Yeah the instructions in my case sucked for that.

When I was doing that I ended up just snapping off the metal tabs, but I didn't care since it was my disk drive which would always be there. Case is pretty good for the most part, but the metal grille on the front that's supposedly "removable" has really cheap tabs that snap off. I tried taking out the foam in front of the front fan and cleaning it. I got it out, but broke 2 tabs in the process and putting it back was a pain. Found vacuuming the front grille worked just as well and took about 20 seconds.


----------



## JohnJSal

Denther said:


> Yeah the instructions in my case sucked for that.
> 
> When I was doing that I ended up just snapping off the metal tabs, but I didn't care since it was my disk drive which would always be there. Case is pretty good for the most part, but the metal grille on the front that's supposedly "removable" has really cheap tabs that snap off. I tried taking out the foam in front of the front fan and cleaning it. I got it out, but broke 2 tabs in the process and putting it back was a pain. Found vacuuming the front grille worked just as well and took about 20 seconds.
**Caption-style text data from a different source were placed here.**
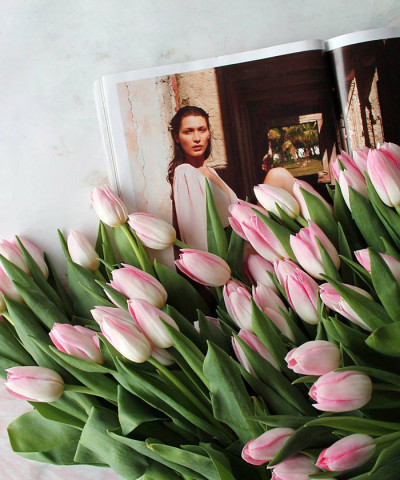 Тюльпаны розовые, в ассортименте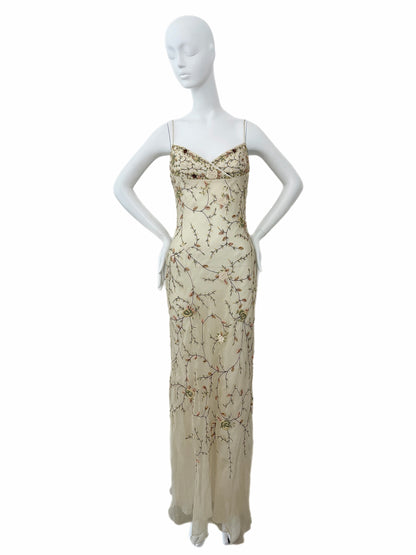 EAVIS & BROWN 90's Vintage Iridescent Beige Silk Embroidered Floral Gown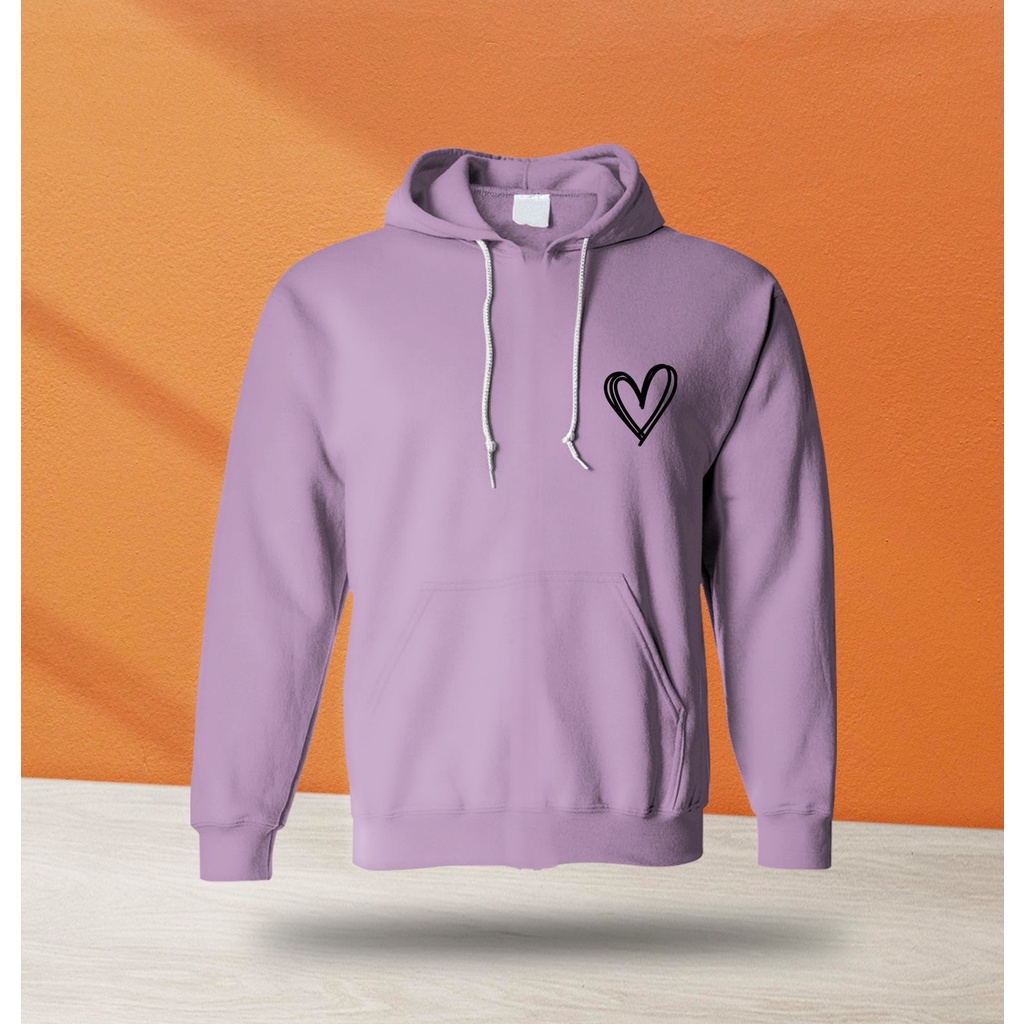 HOODIE WANITA OVERSIZE SIMPLE HEART / BAJU WANITA LUCU SIZE M TO XXL PREMIUM FLEECE TEBAL HALUS TERBARU'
Just curious, does vacuuming create any kind of static electricity that might hurt a PC?


----------



## Darren

JohnJSal said:


> Just curious, does vacuuming create any kind of static electricity that might hurt a PC?



It can generate static yes. As for enough to cause issues. Not sure. I've been doing it for a while with no problems at all. I've even vacuumed out the inside, which probably wasn't smart though.


----------